Dataset excerpts
# # # # # # #

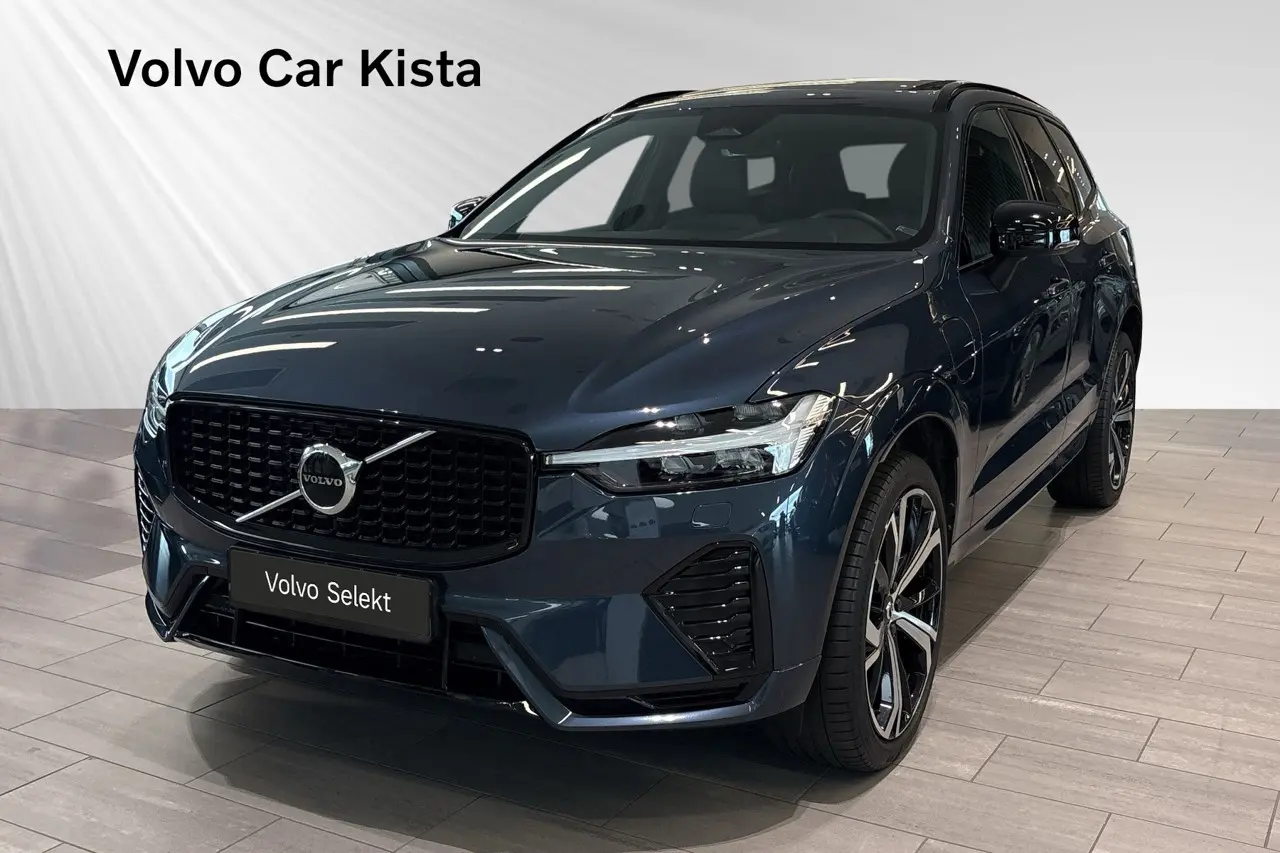 Volvo XC60 2022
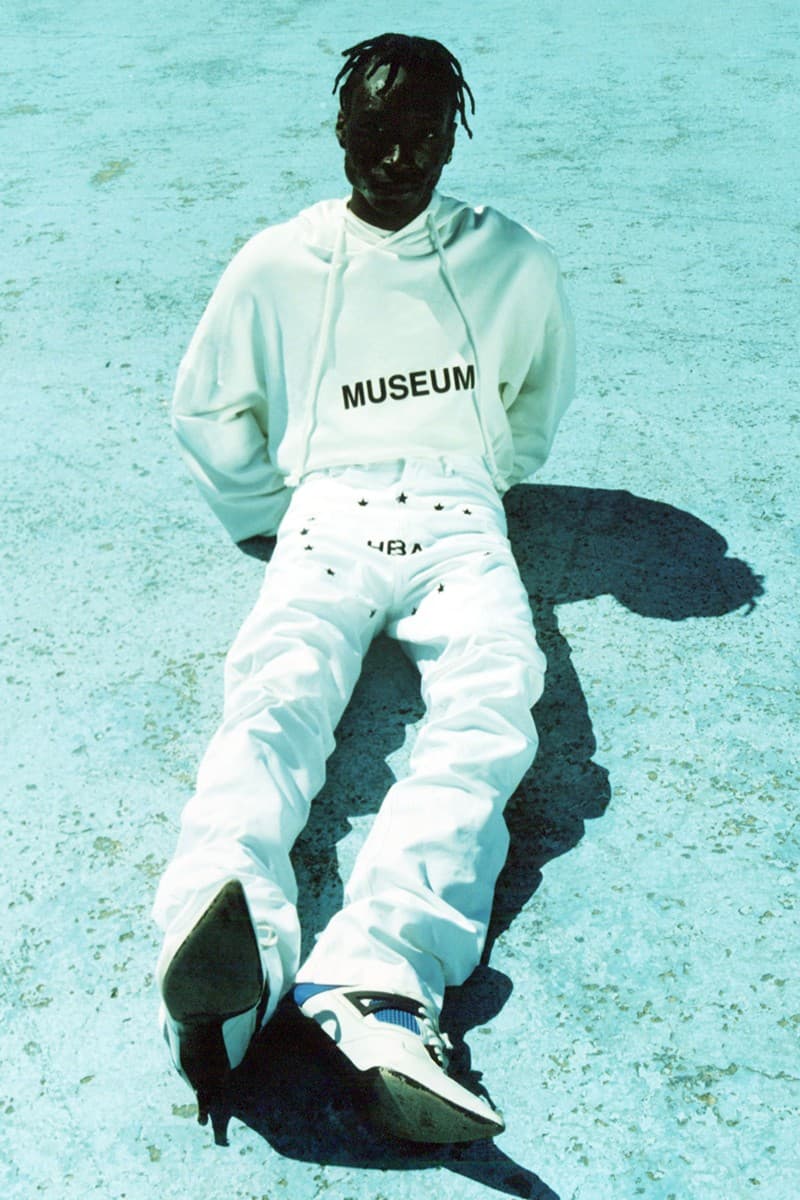 Hood by Air 全新「The Veteran Collection」正式登場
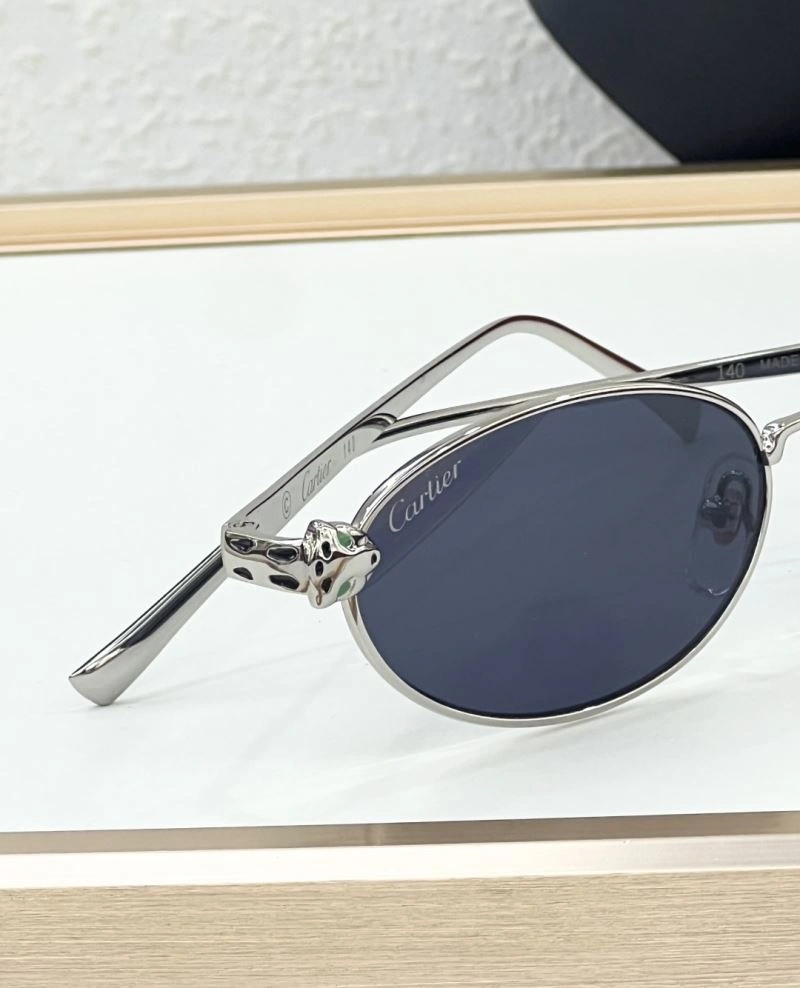 Vibrant Cartier Sunglasses 277694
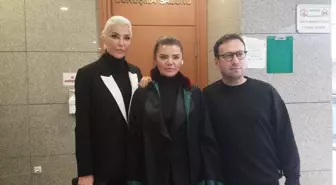 Son dakika haberleri | Özgür Aras ile Nurseli İdiz'in davasında Deniz Akkaya dinlendi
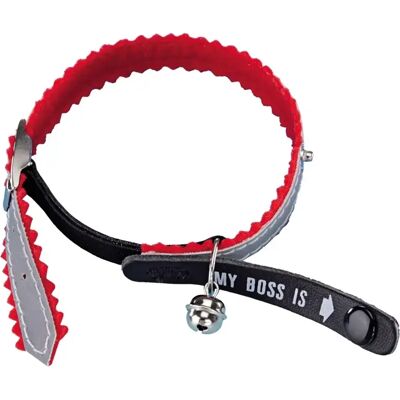 NOBBY NB HB REFLECT IDENTITY ROOD - Reflektierende Sicherheitsband NOBBY NB HB REFLECT IDENTITY ROOD - Reflektierende Sicherheitsband
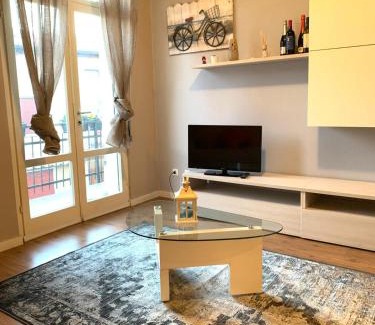 Bornato Apartment | Discover Franciacorta Flat with Family & Pet-Friendly Luxury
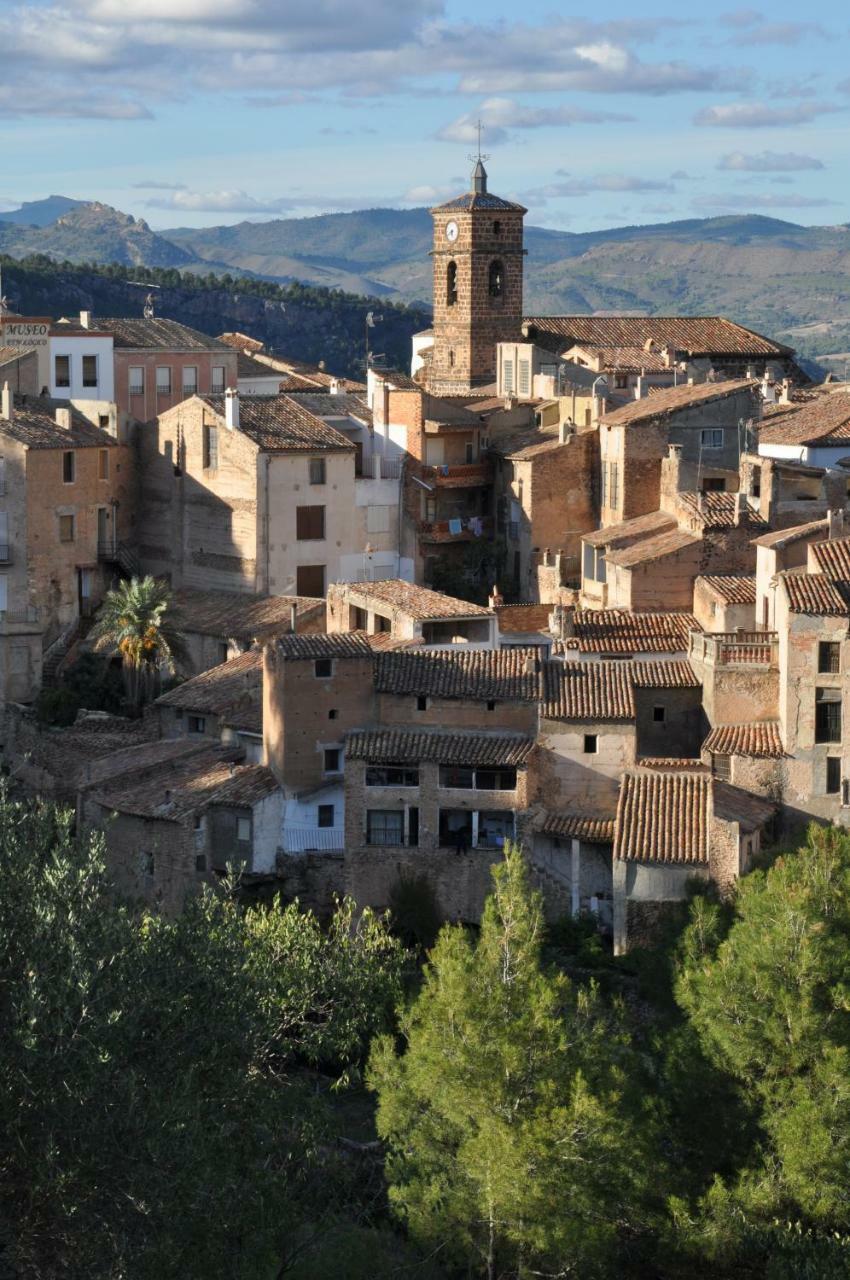 Casa Rural El Pajar Del Portalico Летур Экстерьер фото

# # # # # # #

▸ TASK REQUIREMENTS
Produce an exact copy of each line of data, skipping embedded images.

▸ RESULT OF THE EXERCISE
 Volvo XC60 2022
 Hood by Air 全新「The Veteran Collection」正式登場
 Vibrant Cartier Sunglasses 277694
 Son dakika haberleri | Özgür Aras ile Nurseli İdiz'in davasında Deniz Akkaya dinlendi
 NOBBY NB HB REFLECT IDENTITY ROOD - Reflektierende Sicherheitsband NOBBY NB HB REFLECT IDENTITY ROOD - Reflektierende Sicherheitsband
 Bornato Apartment | Discover Franciacorta Flat with Family & Pet-Friendly Luxury
 Casa Rural El Pajar Del Portalico Летур Экстерьер фото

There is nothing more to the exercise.